Stored data

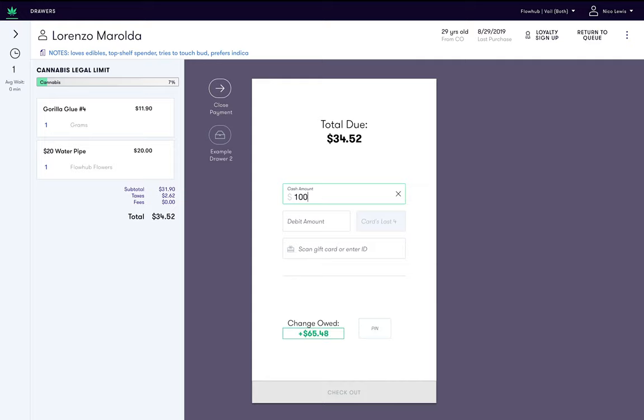Next, let's ensure that we are assigned to a drawer and double check this is the drawer we want to utilize to complete the transaction.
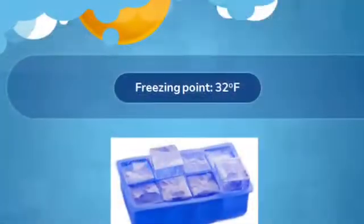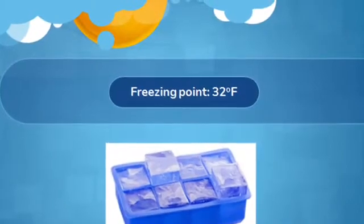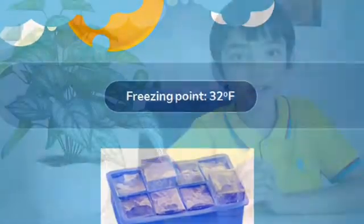Do you know what will happen when you put water in the freezer? Yes, the water will freeze at a temperature of 32 degrees Fahrenheit. So 32 degrees Fahrenheit is the freezing temperature.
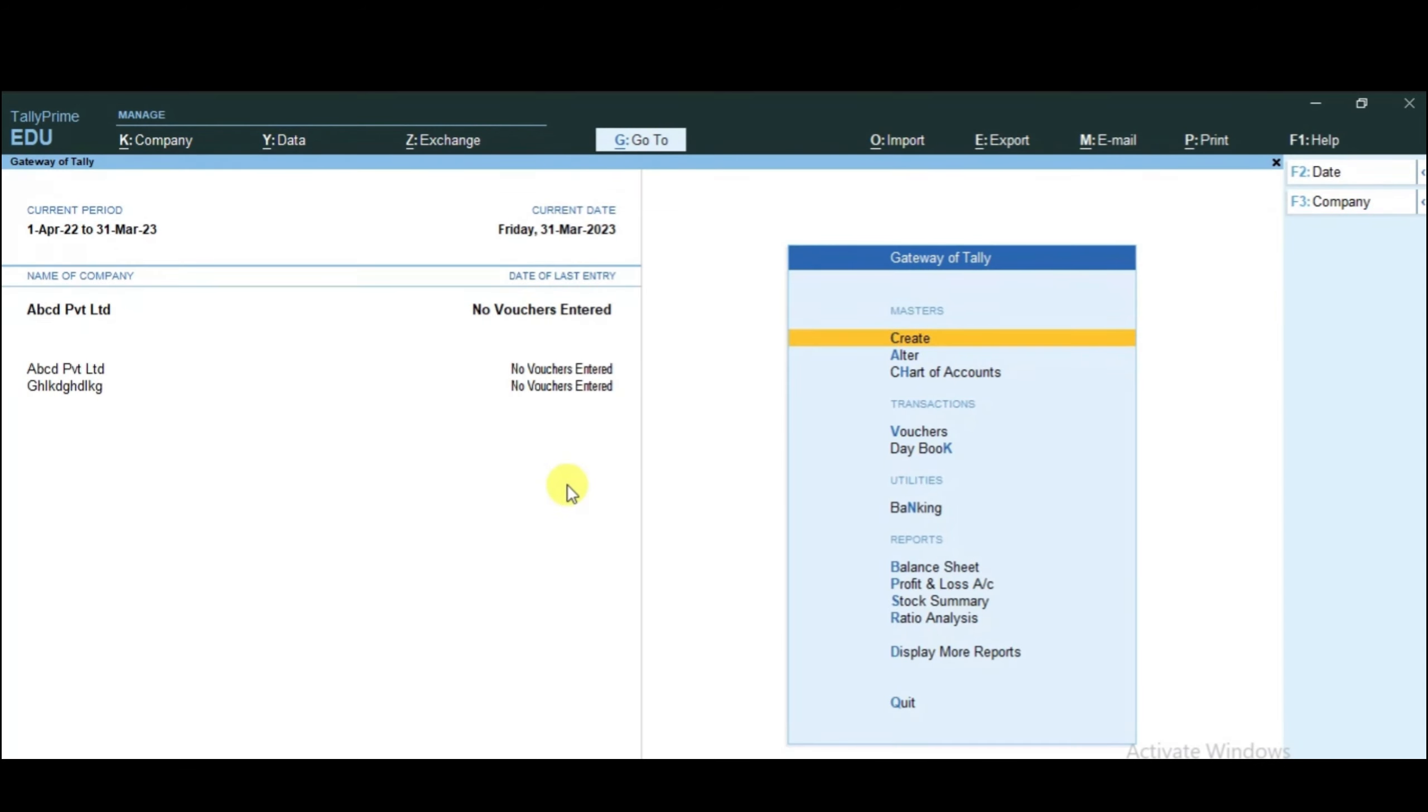You can use Ctrl-A to save the file. So we have learned how to create a company. After creating a company, the next step is to shut the company.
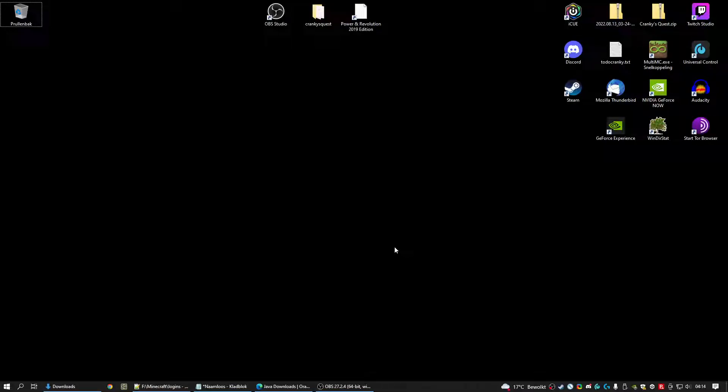Hello and welcome to this instruction video on how to install Cranky's Quest. As you can see below this video there's a lot of instructions and this is the recording where I'm going to show you how to do it.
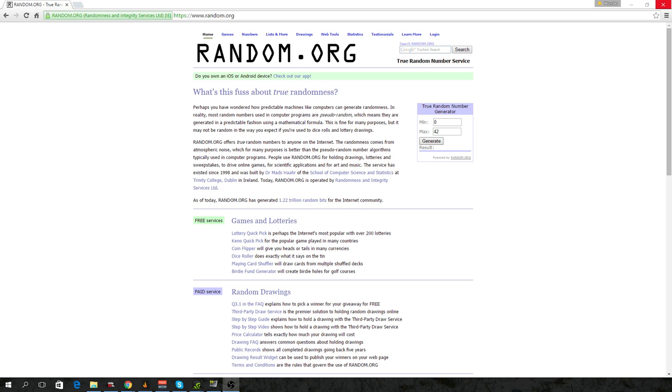Good luck to all of you. Thank you for participating in the giveaway, and good luck. So, 3, 2, 1, number 40.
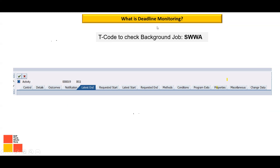Another very important interview question: what is deadline monitoring? Deadline monitoring is used when a work item is sent to an approver's inbox but the approver is not available. Instead of waiting indefinitely — one day, two days, three days — the system should automatically escalate the work item to the next level approver if the current approver does not act in time.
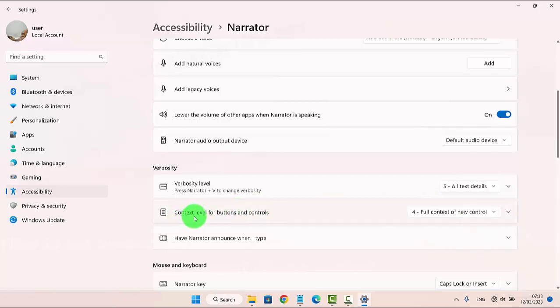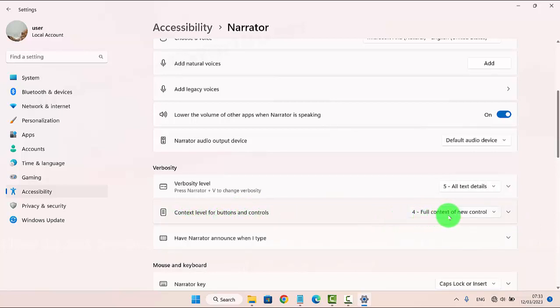Now, Verbosity Context Level for Buttons and Controls has been set to Full Context of New Controls.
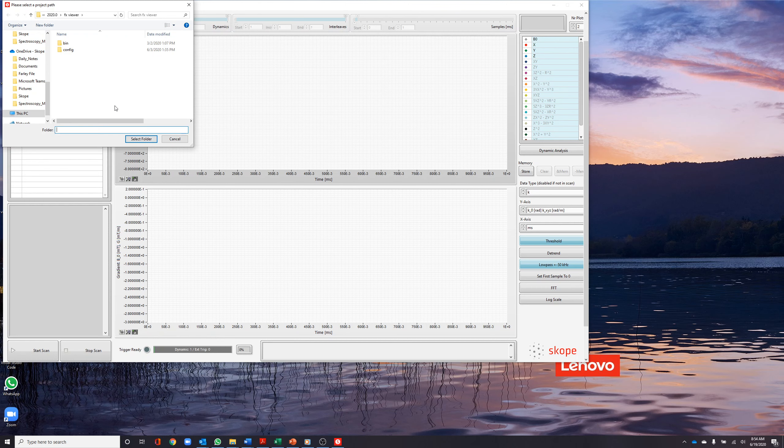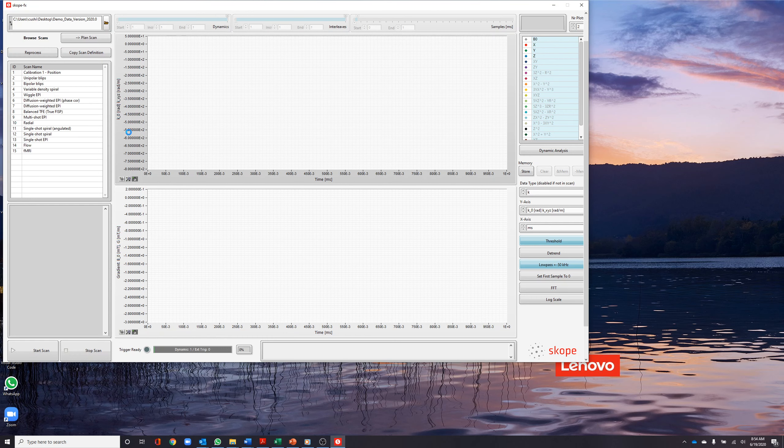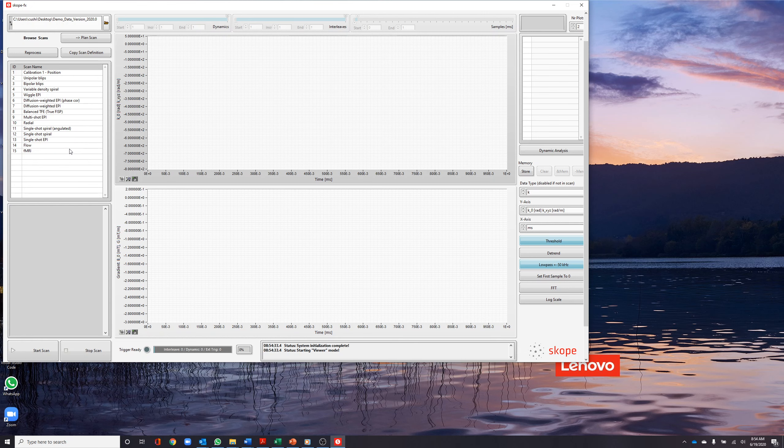When you start ScopeFX, you will be prompted to select a project directory. This directory contains one or more data sets which you would like to investigate. This is also where new scans are saved.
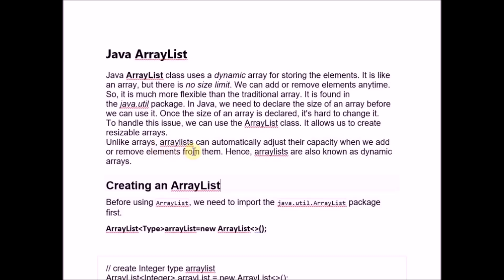Unlike arrays, ArrayLists can automatically adjust their capacity when we add or remove elements from them. This is why ArrayLists are also known as Dynamic Arrays.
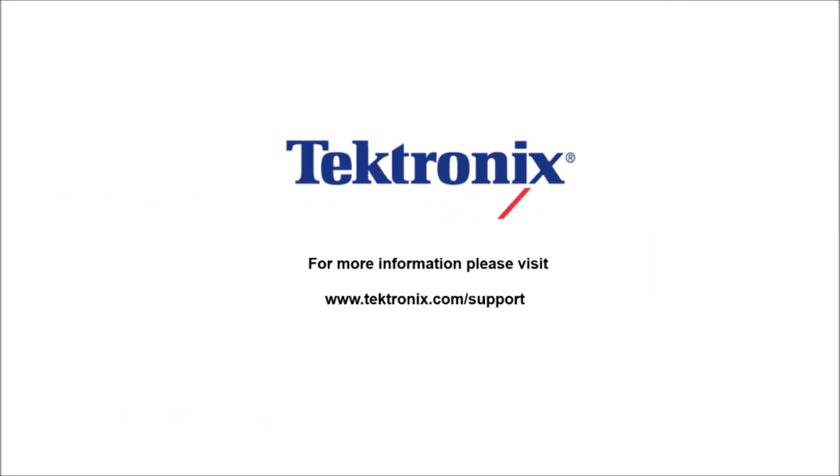Thank you for watching our video. If you'd like to learn more information about our products, please visit www.tektronix.com/support.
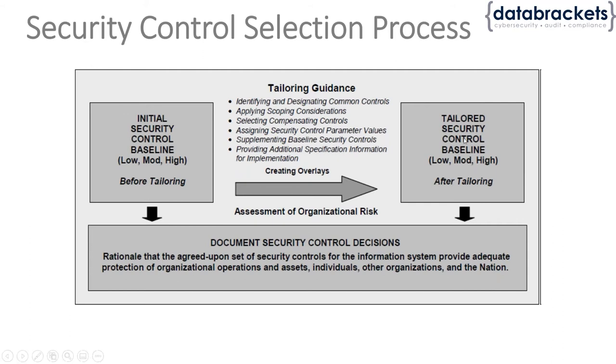Once that is tailored, you'll be documenting all these security control decisions—why you're choosing them, what the impact is, and the rationale behind all those things.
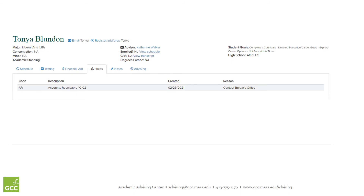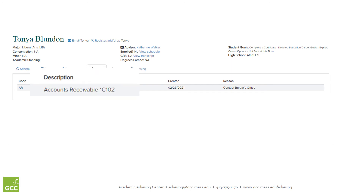If you have a hold, you will see it here. Every hold has a description, a date it was created, and a reason. In this example, you'll see that I have an accounts receivable hold, and that I need to contact the bursar's office.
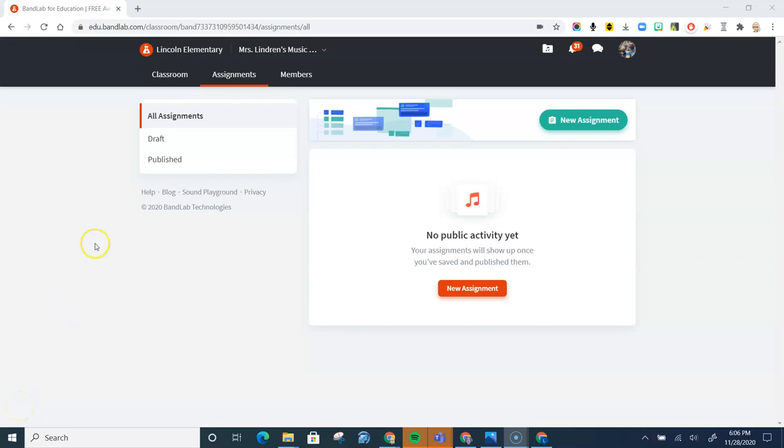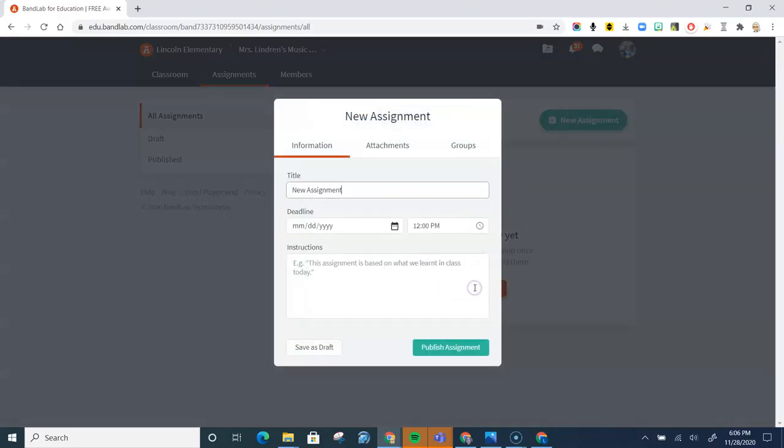To make an assignment in BandLab, you simply go up here to Assignments, click the red button for New Assignment, and add a title.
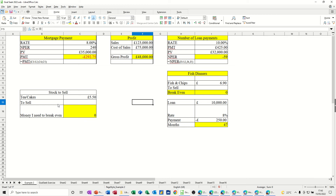Hi guys, welcome to this session in LibreOffice Calc. In this module, I want to show you how you can use Goal Seek to get a result based on some criteria that you put into the Goal Seek box. I've got several examples: a mortgage payment, a profit example, a number of loan payments, how many fish dinners do I need to sell, another loan example, and how much stock do I need to sell.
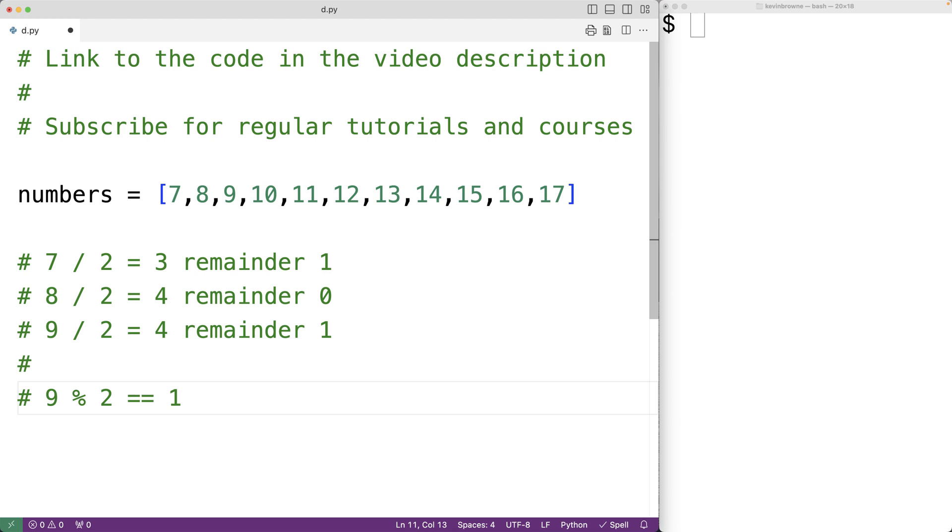So we'll use the modulus operator to help identify and print out the odd numbers in this list. We'll use a for loop to go through each number in this list.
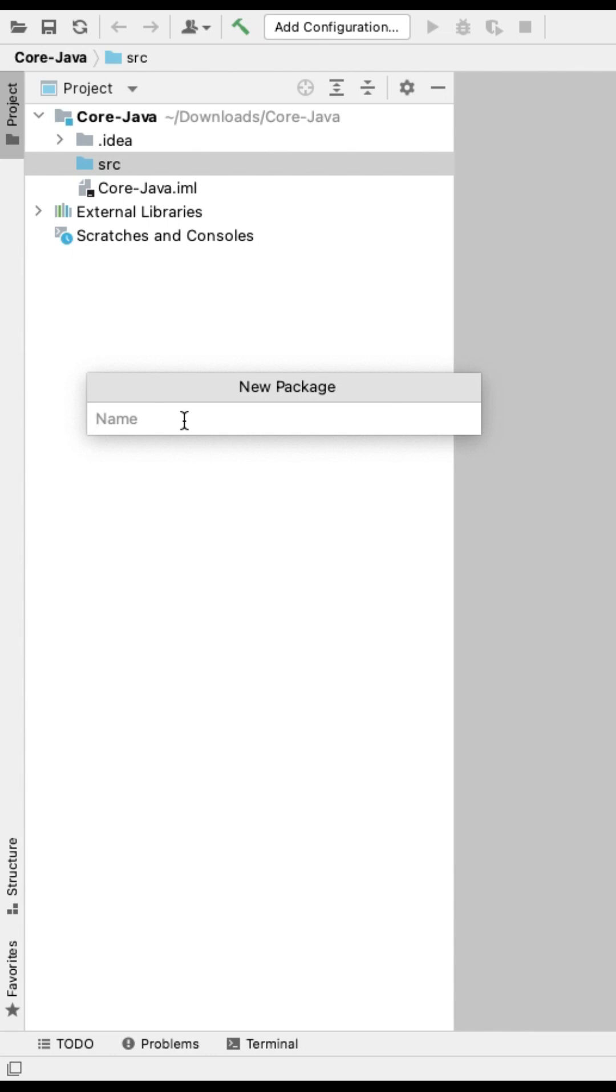How you define the package name is based on your website name. Let's say seriestreetektutorials.com is the web application you are creating. So the package will be com.seriestreetektutorials. Since this is a core tutorial, I am adding core.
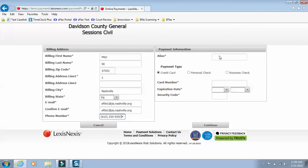In the payment information section, you're going to type in a name for your wallet item. We're just going to call this Wallet 1.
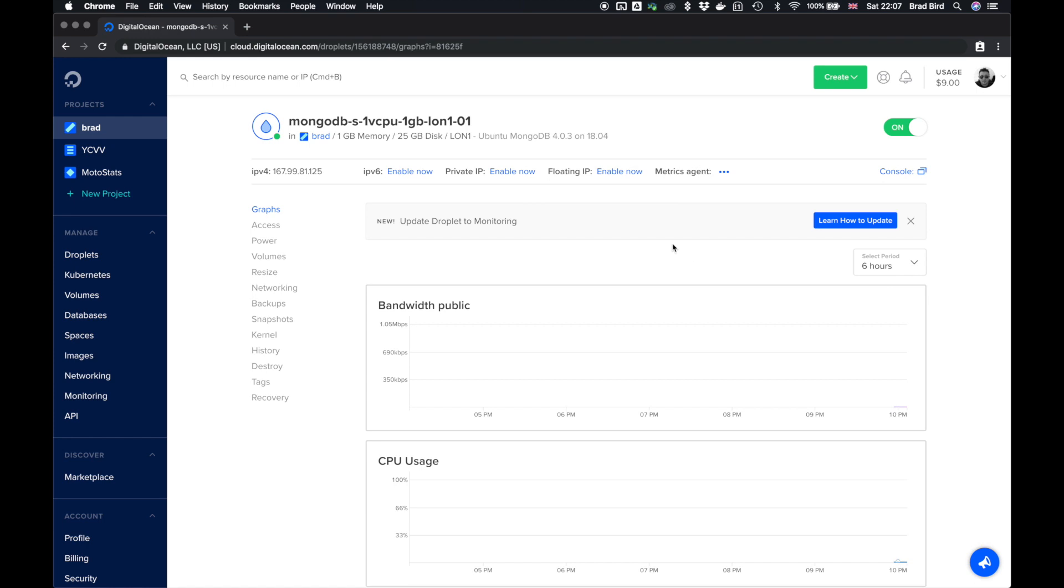Okay, so our droplet is set up. I had to set up a new droplet for this video because I deleted the old one as it was quite a long time ago. Principle is exactly the same. First of all, we need to SSH into our box.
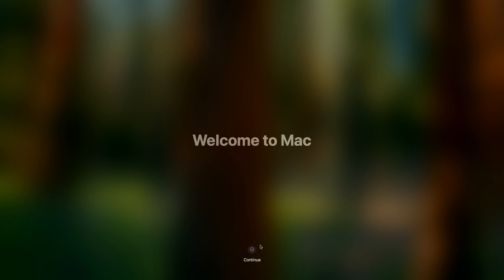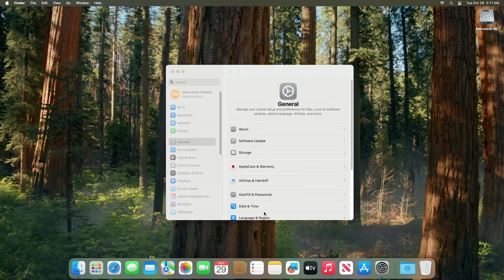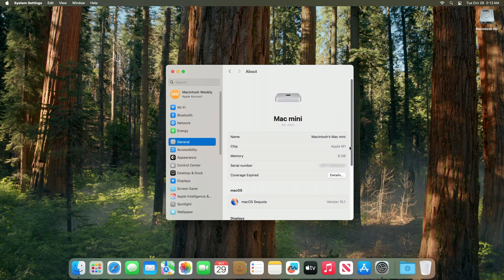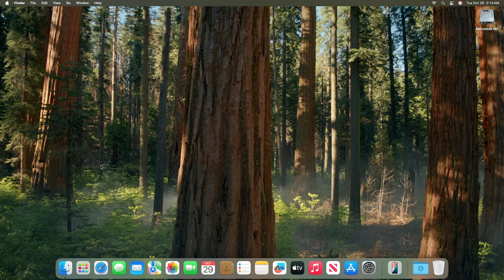Hey guys, welcome to Macintosh Weekly. Today this video is about macOS Sequoia 15.1 security update. Apple released macOS Sequoia 15.1 a few days ago — the first update to macOS Sequoia, which was released in September, coming six weeks after the launch of macOS Sequoia 15. The build number for this build is 24B83.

> **EXERCISE PROMPT**: To complete this exercise, transcribe exactly the lines above from the one that holds "Once that is" through the one that holds "Okay, so our". Pictures stay out.

> **RESULT OF THIS EXERCISE**:
Once that is tailored, you'll be documenting all these security control decisions—why you're choosing them, what the impact is, and the rationale behind all those things.
If you have a hold, you will see it here. Every hold has a description, a date it was created, and a reason. In this example, you'll see that I have an accounts receivable hold, and that I need to contact the bursar's office.
To make an assignment in BandLab, you simply go up here to Assignments, click the red button for New Assignment, and add a title.
Hi guys, welcome to this session in LibreOffice Calc. In this module, I want to show you how you can use Goal Seek to get a result based on some criteria that you put into the Goal Seek box. I've got several examples: a mortgage payment, a profit example, a number of loan payments, how many fish dinners do I need to sell, another loan example, and how much stock do I need to sell.
So we'll use the modulus operator to help identify and print out the odd numbers in this list. We'll use a for loop to go through each number in this list.
How you define the package name is based on your website name. Let's say seriestreetektutorials.com is the web application you are creating. So the package will be com.seriestreetektutorials. Since this is a core tutorial, I am adding core.
In the payment information section, you're going to type in a name for your wallet item. We're just going to call this Wallet 1.
Okay, so our droplet is set up. I had to set up a new droplet for this video because I deleted the old one as it was quite a long time ago. Principle is exactly the same. First of all, we need to SSH into our box.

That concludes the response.